Bousculer, il en est en effet question. En introduisant une série de thèmes qu’il a du mal à approfondir séquence après séquence, Paul Thomas Anderson ne parvient finalement pas à nous faire saisir sa vision personnelle du monde qu’il est en train de représenter. On l’aura compris, il se range ici du côté des réalisateurs formalistes qui adhèrent de façon excessive aux formes artistiques. Formalistes qui font fonctionner leurs films suivant leurs propres règles et un langage qu’ils sont les seuls à comprendre. Formalistes donc, mais formalistes particuliers, qui ne sous-estiment pas les potentialités émotionnelles de « l’irruption du réel » dans leurs films. Chaque séquence stylisée d’Anderson s’achevant par un changement des règles du jeu qu’impose son langage cinématographique. En témoigne l’ élégance de la séquence sensuelle de retrouvailles entre Sportello et son ancienne petite amie, qui s’achève par un acte sexuel aussi perturbant que fascinant.

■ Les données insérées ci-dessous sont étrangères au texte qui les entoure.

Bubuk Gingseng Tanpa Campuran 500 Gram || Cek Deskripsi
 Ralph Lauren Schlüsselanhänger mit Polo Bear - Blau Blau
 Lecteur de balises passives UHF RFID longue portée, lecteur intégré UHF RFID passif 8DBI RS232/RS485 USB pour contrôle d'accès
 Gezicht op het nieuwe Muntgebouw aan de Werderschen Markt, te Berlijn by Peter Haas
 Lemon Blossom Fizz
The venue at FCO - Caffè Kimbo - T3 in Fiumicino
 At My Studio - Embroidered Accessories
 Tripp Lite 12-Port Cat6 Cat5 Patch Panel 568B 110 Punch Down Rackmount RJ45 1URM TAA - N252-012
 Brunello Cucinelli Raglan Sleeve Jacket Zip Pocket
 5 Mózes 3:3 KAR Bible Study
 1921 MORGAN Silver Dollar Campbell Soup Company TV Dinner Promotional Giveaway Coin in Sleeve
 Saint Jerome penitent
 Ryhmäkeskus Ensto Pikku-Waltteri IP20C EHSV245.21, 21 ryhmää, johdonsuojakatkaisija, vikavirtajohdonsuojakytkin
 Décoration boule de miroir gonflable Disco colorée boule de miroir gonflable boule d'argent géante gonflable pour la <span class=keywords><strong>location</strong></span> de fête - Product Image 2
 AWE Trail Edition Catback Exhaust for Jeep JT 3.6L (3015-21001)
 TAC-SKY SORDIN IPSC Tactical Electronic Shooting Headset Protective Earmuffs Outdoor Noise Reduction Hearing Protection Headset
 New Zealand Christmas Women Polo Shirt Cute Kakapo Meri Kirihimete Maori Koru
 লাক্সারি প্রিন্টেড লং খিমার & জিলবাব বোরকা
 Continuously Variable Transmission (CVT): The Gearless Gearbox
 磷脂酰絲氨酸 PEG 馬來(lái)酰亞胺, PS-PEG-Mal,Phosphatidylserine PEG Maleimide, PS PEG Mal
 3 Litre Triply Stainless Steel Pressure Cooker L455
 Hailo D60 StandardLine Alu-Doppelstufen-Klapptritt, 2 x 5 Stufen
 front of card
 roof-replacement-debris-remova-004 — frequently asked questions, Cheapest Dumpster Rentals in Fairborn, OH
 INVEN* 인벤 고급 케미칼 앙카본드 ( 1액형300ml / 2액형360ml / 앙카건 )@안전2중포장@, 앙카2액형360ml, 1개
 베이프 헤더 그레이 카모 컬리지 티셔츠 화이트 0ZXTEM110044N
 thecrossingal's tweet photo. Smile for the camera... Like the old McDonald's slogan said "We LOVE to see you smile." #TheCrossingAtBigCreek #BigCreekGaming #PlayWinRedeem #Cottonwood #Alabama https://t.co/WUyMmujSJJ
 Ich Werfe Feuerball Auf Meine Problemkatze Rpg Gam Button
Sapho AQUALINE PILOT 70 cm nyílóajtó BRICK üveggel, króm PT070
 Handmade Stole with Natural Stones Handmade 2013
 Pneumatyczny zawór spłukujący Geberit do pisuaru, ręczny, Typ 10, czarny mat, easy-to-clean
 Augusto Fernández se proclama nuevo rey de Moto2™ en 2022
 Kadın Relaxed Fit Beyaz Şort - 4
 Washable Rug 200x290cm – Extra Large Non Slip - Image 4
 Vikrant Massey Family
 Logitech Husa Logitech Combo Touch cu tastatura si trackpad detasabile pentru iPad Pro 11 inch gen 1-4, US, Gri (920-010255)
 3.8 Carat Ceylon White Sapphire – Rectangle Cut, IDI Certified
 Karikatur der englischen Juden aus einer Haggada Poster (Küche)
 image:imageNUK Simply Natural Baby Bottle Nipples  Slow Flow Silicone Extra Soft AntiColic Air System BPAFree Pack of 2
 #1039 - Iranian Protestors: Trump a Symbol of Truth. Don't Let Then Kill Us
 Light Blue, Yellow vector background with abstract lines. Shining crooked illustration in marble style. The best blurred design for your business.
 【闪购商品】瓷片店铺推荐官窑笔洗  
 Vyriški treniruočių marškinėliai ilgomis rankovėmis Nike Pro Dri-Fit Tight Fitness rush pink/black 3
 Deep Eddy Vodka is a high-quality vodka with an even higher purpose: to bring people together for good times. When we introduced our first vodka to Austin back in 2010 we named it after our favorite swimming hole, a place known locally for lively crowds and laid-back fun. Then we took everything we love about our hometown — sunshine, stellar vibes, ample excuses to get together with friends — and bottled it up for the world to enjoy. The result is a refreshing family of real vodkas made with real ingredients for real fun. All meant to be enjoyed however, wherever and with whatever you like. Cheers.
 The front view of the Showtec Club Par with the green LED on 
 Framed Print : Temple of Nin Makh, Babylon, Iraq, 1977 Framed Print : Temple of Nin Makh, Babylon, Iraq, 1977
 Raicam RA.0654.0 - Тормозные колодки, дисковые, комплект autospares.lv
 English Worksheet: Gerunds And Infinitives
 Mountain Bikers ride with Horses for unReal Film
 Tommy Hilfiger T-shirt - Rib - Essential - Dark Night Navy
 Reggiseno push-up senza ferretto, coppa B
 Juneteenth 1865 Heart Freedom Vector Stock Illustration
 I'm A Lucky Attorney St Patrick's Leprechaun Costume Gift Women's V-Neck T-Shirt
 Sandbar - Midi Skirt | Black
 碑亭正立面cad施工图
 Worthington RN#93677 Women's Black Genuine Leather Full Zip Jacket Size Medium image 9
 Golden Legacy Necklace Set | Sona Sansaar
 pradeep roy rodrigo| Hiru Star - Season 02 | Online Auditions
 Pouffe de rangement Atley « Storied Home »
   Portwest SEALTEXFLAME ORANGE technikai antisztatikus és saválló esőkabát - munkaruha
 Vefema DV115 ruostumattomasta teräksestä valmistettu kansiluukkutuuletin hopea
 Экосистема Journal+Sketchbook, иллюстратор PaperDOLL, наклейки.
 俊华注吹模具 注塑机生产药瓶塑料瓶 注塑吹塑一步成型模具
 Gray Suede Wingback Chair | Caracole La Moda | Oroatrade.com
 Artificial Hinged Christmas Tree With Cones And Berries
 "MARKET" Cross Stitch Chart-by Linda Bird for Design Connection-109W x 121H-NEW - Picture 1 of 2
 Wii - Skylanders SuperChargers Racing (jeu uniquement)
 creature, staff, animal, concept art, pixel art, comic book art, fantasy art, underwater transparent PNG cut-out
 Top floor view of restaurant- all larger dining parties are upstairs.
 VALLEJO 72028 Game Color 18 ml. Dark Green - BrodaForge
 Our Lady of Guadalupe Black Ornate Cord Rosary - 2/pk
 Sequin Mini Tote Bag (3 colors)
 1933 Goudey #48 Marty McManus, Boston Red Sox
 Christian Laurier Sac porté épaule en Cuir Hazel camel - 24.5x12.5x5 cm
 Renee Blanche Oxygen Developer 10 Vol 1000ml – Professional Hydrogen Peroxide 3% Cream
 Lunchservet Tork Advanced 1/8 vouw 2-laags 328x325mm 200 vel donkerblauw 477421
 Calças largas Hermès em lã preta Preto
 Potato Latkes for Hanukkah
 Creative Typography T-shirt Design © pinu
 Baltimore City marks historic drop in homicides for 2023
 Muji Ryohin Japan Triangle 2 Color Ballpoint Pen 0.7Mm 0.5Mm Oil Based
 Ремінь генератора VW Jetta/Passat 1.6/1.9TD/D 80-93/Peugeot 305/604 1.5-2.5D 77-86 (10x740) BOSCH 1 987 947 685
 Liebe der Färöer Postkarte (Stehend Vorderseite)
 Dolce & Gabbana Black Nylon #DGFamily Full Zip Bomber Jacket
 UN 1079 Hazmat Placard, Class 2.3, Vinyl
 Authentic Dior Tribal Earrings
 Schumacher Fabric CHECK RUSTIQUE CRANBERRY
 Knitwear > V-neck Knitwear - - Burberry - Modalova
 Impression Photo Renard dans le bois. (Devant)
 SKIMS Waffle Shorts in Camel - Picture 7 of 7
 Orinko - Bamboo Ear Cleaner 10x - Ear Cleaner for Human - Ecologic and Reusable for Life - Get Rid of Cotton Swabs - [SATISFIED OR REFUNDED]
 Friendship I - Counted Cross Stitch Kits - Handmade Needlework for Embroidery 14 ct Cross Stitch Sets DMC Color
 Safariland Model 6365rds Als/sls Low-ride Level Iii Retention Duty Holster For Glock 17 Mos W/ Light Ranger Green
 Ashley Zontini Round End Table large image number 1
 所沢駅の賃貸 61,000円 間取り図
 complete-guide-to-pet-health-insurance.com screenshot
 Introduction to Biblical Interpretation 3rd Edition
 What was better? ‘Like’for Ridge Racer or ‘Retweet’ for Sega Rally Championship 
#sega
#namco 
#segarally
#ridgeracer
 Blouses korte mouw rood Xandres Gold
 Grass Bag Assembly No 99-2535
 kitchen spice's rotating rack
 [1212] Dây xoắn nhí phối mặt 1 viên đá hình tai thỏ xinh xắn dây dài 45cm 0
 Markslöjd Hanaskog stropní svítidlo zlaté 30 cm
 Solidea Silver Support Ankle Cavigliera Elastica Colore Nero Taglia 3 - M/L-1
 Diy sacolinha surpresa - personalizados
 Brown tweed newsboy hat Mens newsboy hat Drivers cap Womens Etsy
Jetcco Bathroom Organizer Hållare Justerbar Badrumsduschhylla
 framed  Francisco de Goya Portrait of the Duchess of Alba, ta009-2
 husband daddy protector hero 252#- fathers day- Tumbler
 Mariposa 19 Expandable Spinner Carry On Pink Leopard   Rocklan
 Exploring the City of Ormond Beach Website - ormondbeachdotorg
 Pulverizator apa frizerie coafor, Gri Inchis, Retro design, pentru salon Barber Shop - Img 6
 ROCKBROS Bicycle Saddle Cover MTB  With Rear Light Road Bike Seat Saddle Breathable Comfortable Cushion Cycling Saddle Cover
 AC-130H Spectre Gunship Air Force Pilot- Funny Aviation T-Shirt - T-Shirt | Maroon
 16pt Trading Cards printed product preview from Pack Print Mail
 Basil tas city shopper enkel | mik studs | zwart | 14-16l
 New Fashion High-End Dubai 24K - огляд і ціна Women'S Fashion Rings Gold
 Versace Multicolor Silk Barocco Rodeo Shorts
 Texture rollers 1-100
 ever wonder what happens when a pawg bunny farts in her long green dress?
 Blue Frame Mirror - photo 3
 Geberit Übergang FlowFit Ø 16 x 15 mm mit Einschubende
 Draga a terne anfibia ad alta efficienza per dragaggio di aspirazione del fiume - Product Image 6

Une séquence à l’image film, dans laquelle le cinéaste arrive par intermittence à capter avec délicatesse et sincérité l’image d’une scène émouvante. Une scène qui pour nous est un objet inconnu, mais émouvant et sensuel parce qu’il sait le représenter. L’irruption du réel qui achève la séquence est elle aussi en elle-même psychédélique. Elle illustre bien ce qu’il n’a pas réellement cherché à faire dans ce film : atteindre la sensibilité et l’empathie du spectateur dans les images qu’il montre. Ni grand public, ni totalement formaliste, « Inherent Vice » peine à trouver son chemin ce qui est dommage, car cinématographiquement et thématiquement, le film est très riche.